Лесков отыскал (или подслушал где?) одну поразительную подробность, раскрывшую всю наивность и простодушие странника, обретшего в душе мир и тишину: его представление о нарушающих покой бесенятах, ему, впрочем, сильно навредивших, — какое-то ласковое снисхождение к ним:

« — Да ведь ребятишки, и притом их там, в аду, очень много, а дела им при готовых харчах никакого нет, вот они и просятся на землю поучиться смущать, и балуются, и чем человек хочет быть в своём звании солиднее, тем они ему больше досаждают. <…> Подставят, например, вам что-нибудь такое или подсунут, а опрокинешь или расшибёшь и кого-нибудь тем смутишь и разгневаешь, а им это первое удовольствие, весело: в ладоши хлопают и бежат к своему старшому: дескать, и мы смутили, дай нам теперь за то грошик. Вот ведь из чего бьются… Дети» (4,507).

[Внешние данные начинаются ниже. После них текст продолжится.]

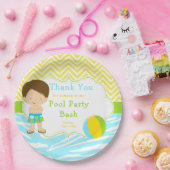 Brunette Hair Boy Pool Party Bash Papieren Bordje (Feest)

Вся бесхитростность, но и истинность веры удивительно сказывается в этом рассуждении. Конечно, он наивно очеловечивает своё представление о враженятах, и в его ласковости выражается скорее любовь к детям вообще, но всё же мир внеземной предстаёт в словах странника как несомненная реальность. Это та самая вера, о которой сказал Апостол: «Вера есть осуществление ожидаемого и уверенность в невидимом» (Евр. 11:1). Пусть даже и проявилась она в этом конкретном рассуждении слишком своеобразно.

Сознавая себя, в смирении своём, недостойным грешником, Иван Северьяныч помышляет о завершении своего странничества и смерти за ближних своих: «…мне за народ очень помереть хочется» (4,513). Здесь являет себя то самое чувство, которое вошло в его душу со словами полковника ещё на Кавказской войне: «Помилуй Бог, как бы хорошо теперь своей кровью беззаконие смыть». И вновь вспоминаются слова Спасителя:

«Нет больше той любви, как если кто положит душу свою за друзей своих» (Ин. 15:13).

Лесковский странник не может завершить свой жизненный путь вне следования Промыслу Божию.

Но странничество героя повести есть и отражение, символизация внутреннего странничества самого автора.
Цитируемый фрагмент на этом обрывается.